Call for final Elf99 design input
< Not everyone has a Quest Elf. I, too, want to go beyond it, but for
< aesthetic reasons, I want to stay close to the original. My vision is
< a compromise between what we had in 1977 and what we would have wanted
< if we could have gotten it for the same price. When I built my Elf, I
< followed a friend's advice and installed a wire-wrap socket for the CPU
< He rolled his own I/O ports, with relay drivers and built a robot. I
< never did add anthing to mine, and quickly ran out of things to do with
Doing all that with a bas elf wasn't hard but very awkward.
It didn't latch the high address so 256bytes were it.
IO was what it was(switches and the Q led)
There was no easy expansion without corrupting the base design
so that some of the simplest programs did not run.
< I always wanted an Elf II, but couldn't afford the board. I wish now I
Same here but at teh time I was into S100 and just wanted to play with the
1802 a tiny bit and that was cheap.
< had saved for it. I got a 32k PET instead. Ah, well; choices. In any
< case, I liked the slots idea on the Elf II, but I don't recall too much
< materializing for it. The Elf II at the Computer Museum of America in
< San Diego has a plexiglass box over the boards and all the slots full.
< One was memory. I don't know about the other two. For that matter, the
Memory, Parrlel ports, serial ports, 1861 video board(may have been a
base level board option).
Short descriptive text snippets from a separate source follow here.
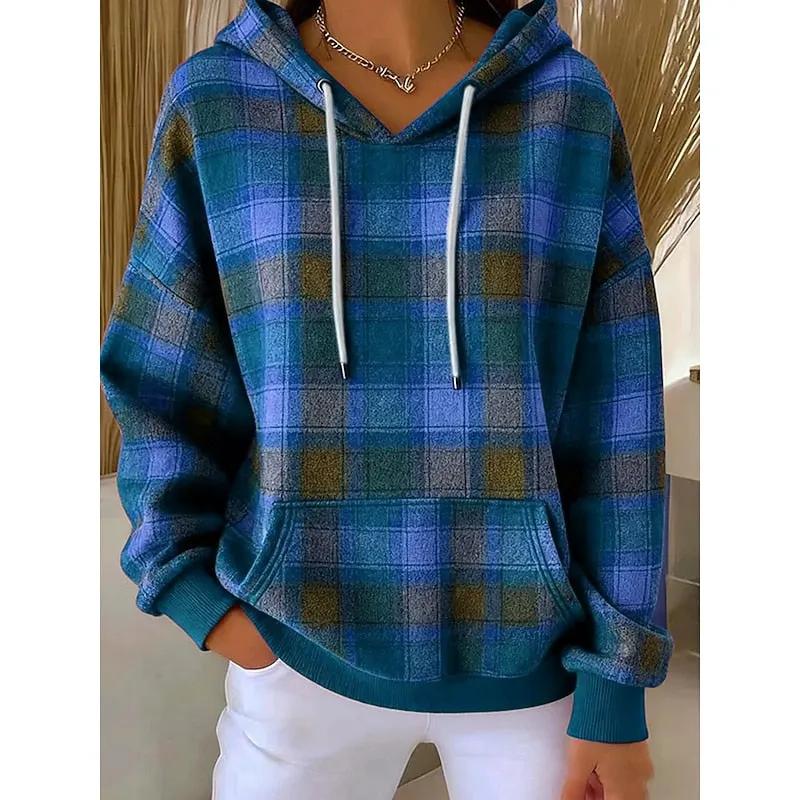 Sadie | Cozy Checked Hoodie by My Store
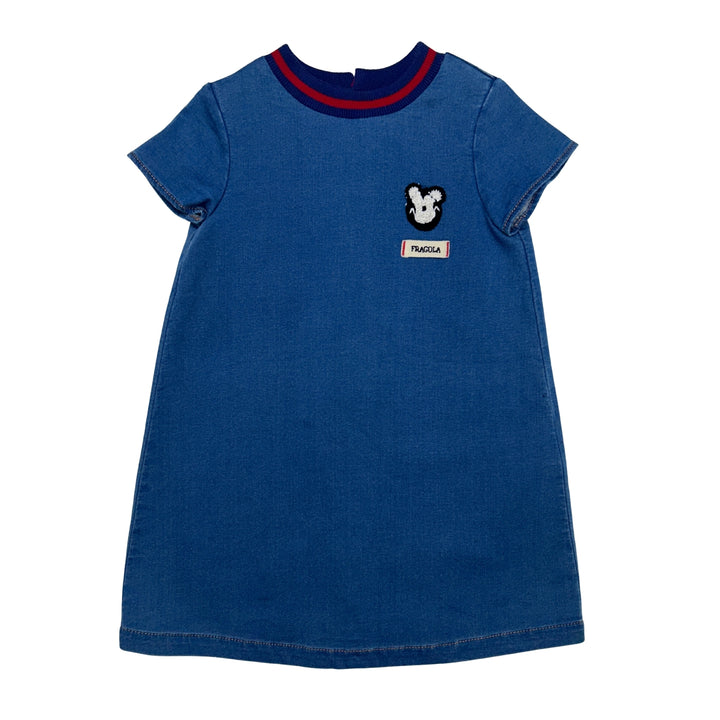 GUCCI LOGO DENIM DRESS – BLUE – 36 MONTHS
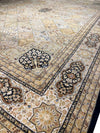 Beige Color Fine Hand Knotted Tabriz Design 12' X 17'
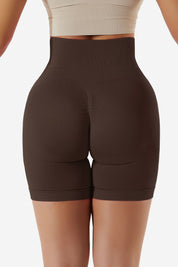 High Rise Scrunch-Butt Shorts by bornfocus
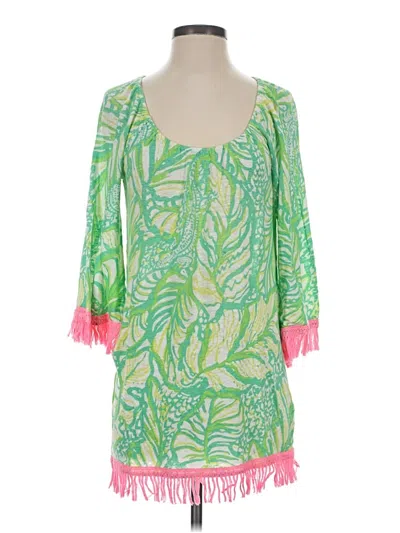 Pre-owned Lilly Pulitzer 3/4 Sleeve Blouse In Green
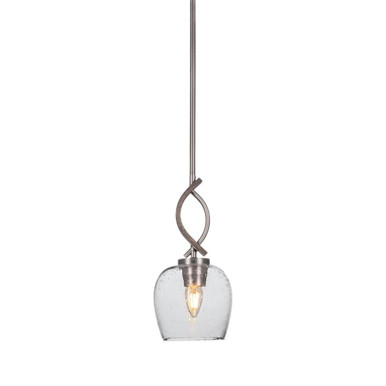 Monterey 1 Light Stem Hung Small Pendant by Toltec - 2901-MBWG-4812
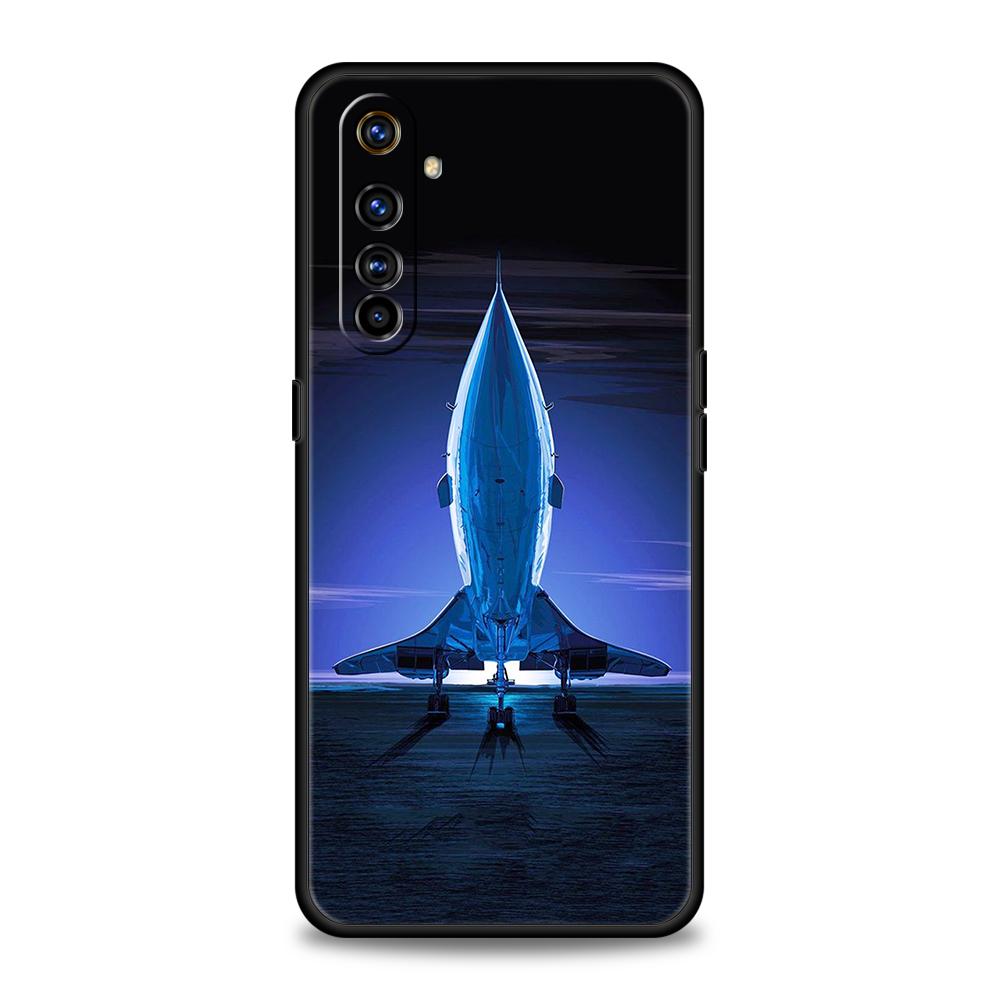 Aircraft Plane Airplane Silicone For Realme 9 Pro GT2 6 7 8 10 C11 C21Y C25 C35 GT Neo 2 3 3T Pro Plus 5G Shockproof Phone Cover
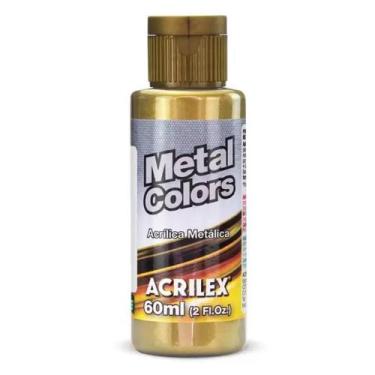 Imagem de 60ml Tinta Metal Colors Acrilex Acírilica Metalica - Escolha A Cor + N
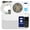 White & 5 Zone 55000 BTU 12+12+12+12+12, variant on DELLA 55K BTU 5 Zone (5x9K) Mini Split Air Conditioner, Soft Airflow, Energy Star, 22.5 SEER2 230V, Up to 2000 Sq.Ft, Smart WiFi Alexa, Multi Zone Heat Pump Ductless Inverter AC, 16ft Kits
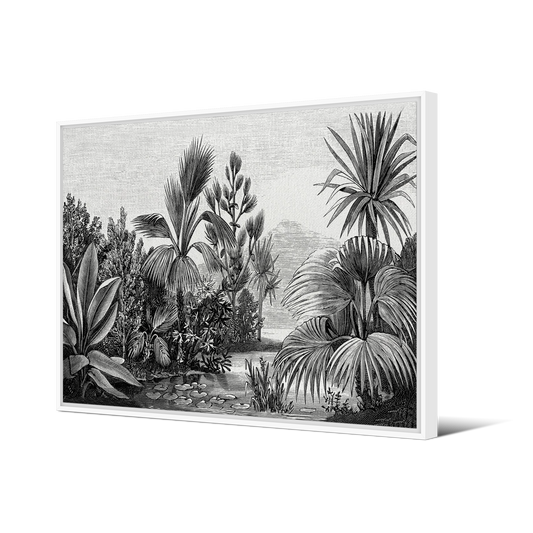 Tableau avec Cache Clou | Collection Tropical Ethnic | Rives Exotiques – Horizontal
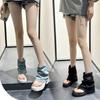 2025 New Summer Women's Sexy Short Boots Street Style Big Toe Trouser Cowboy Booties Motocycle Fashion Womens Sandalies De Mujer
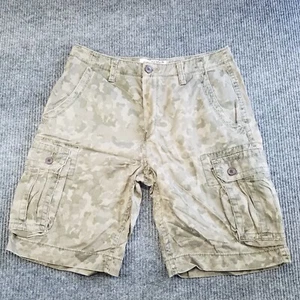 Arizona Shorts Mens 32 Green Camouflage Cargo Military Skater 10.5 Inseam Cotton - Picture 1 of 11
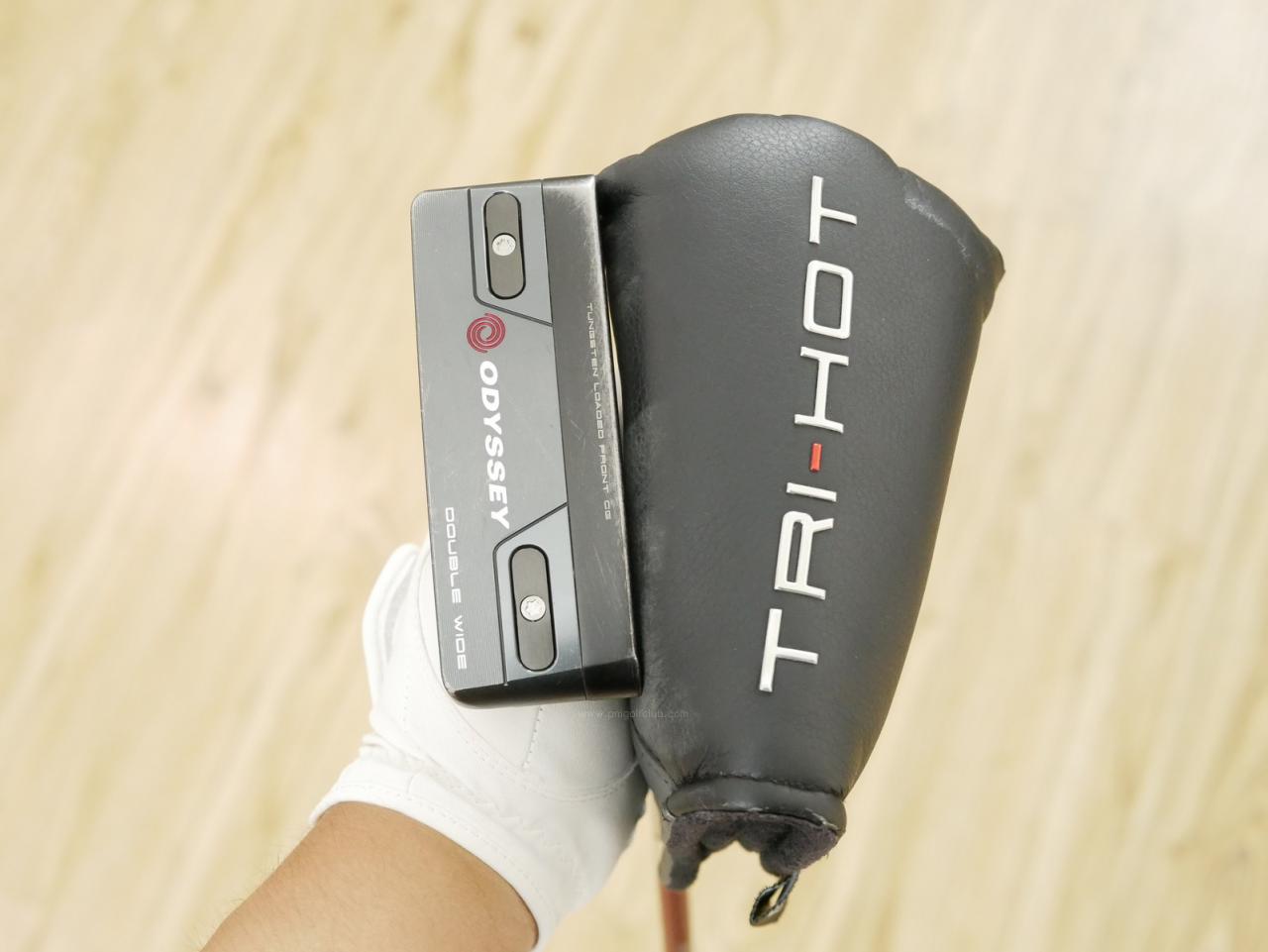 Putter : All : พัตเตอร์ Odyssey Tri-Hot 5K Double Wide (รุ่นท้อป ออกปี 2022) ก้าน Stroke LAB 70 ยาว 34 นิ้ว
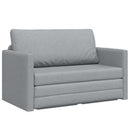 Sovesofa 110cm Lysegrå Stof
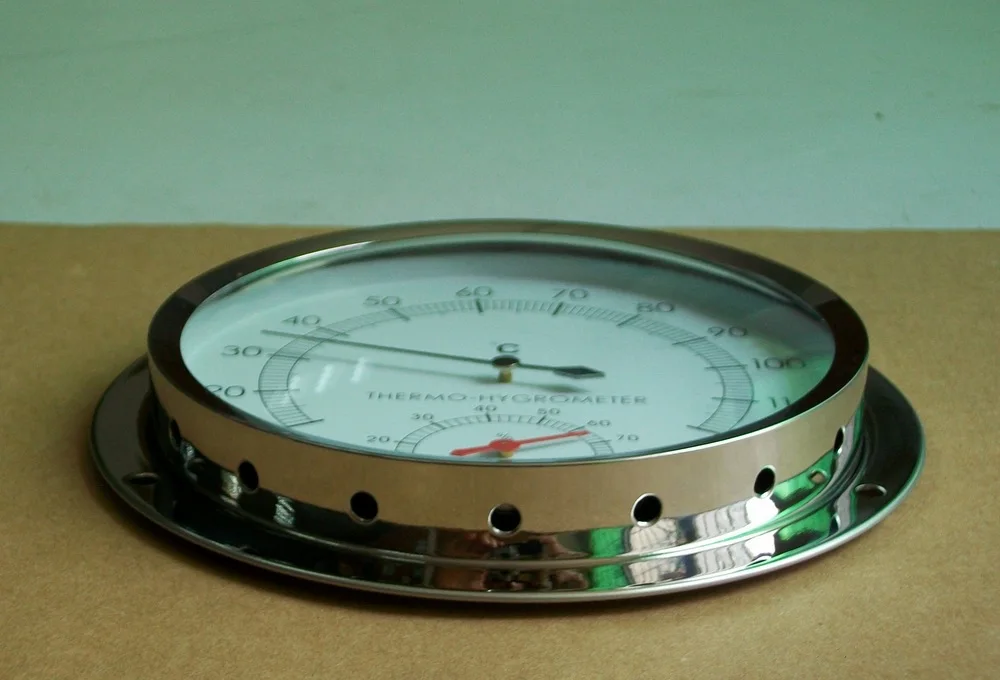 10 см латунный чехол анероидный барометр гигрометр термометр часы 4 шт. в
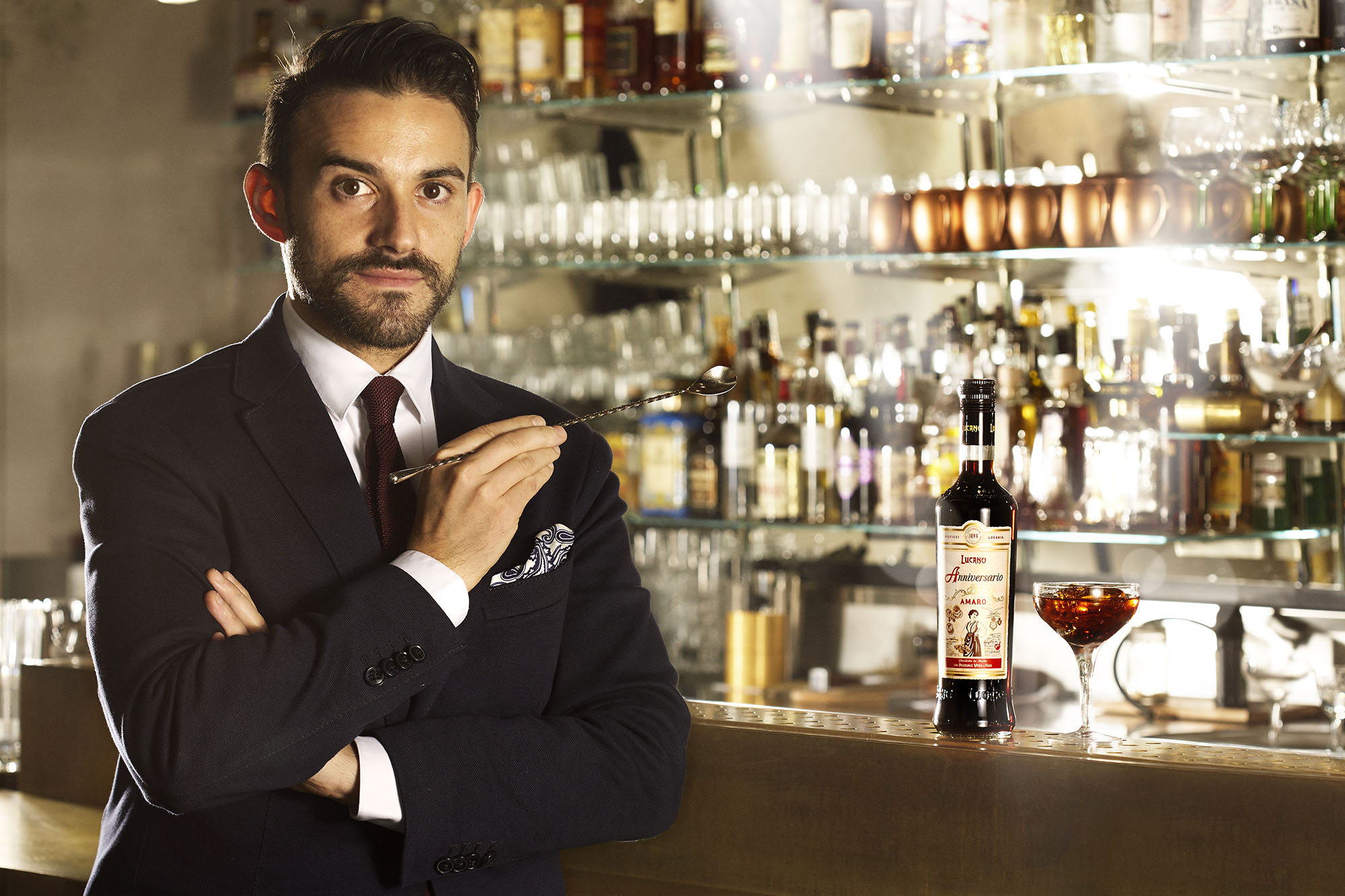 LUCANO bartender PORTRAITS - Stefano Jesi Ferrari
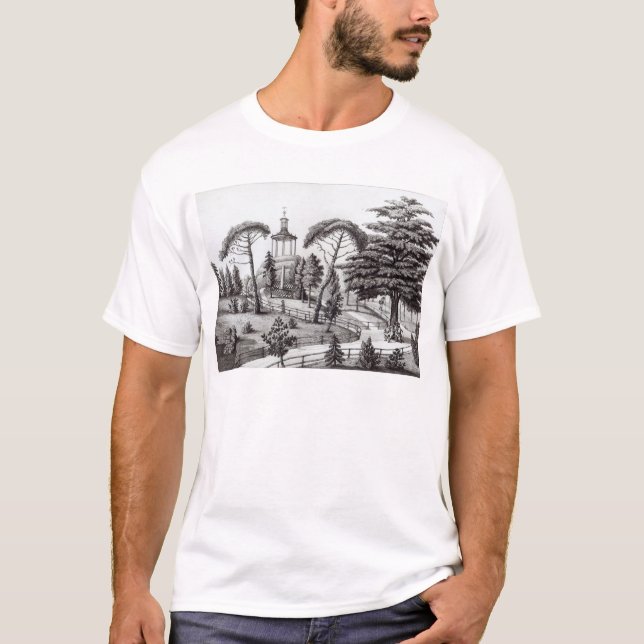 T-shirt O labirinto do Jardin des Plantes (Frente)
The most highly developed elf was the one from
Netronics (ELF-II)
The VIP had a ram card, rom card, IO card and a sound effects card. Never
saw any of them. They were real easy to make.
My idea of a 1802 system was more like the 1802 Eval board rom RCA that
was unlike the elf series.
My 1802 wish list for the record.
Up to 32kram, 32k rom using standard pinouts so the 32k rom
can be EEpro, Eprom or flash. The 28 pin site can also accept
24 pin devices (6116, 2716, 2732...).
Minimum of one parallel out and one parallel in.
Elf style front pannel for programs with 6 hex leds (address and
data). data input would be toggle switches as they while not
cheap are easy to get and mount.
serial port, bit bashing serial IO gets tiresome and is limited
in speed.
VIP style cassette IO (tape storage)
proto area with holes enough to build a few IO things.
Bus brought to one connector (VIP compatable)
The reason for that is there are Tbasic, Pilot and other languages and
tools that all want more than 256 byts and Q-led.
If some one were to do it a "advanced 1861" in FPGA. the 1861
was a primitive device that did video DMA, With a little design effort
a similar device and be put in FPGA that would provide 256 horizontal
by 128 vertical using 4k of ram as a bit map. This enough to better
graphics and even display 32x16 characters using a 8x8 cell.
Going much further with 1802 is self limiting as it was slow and actually
a crude CPU. It was also like the PDP-8 in that it was blessedly simple.